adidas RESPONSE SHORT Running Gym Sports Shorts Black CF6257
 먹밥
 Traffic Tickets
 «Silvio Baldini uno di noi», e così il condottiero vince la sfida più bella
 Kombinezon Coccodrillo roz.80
○ ○ ○ ○ ○
* [PROBLEM TO SOLVE]
Nothing in the records may be left out; reproduce them exactly.

* [REPLY]
adidas RESPONSE SHORT Running Gym Sports Shorts Black CF6257
 먹밥
 Traffic Tickets
 «Silvio Baldini uno di noi», e così il condottiero vince la sfida più bella
 Kombinezon Coccodrillo roz.80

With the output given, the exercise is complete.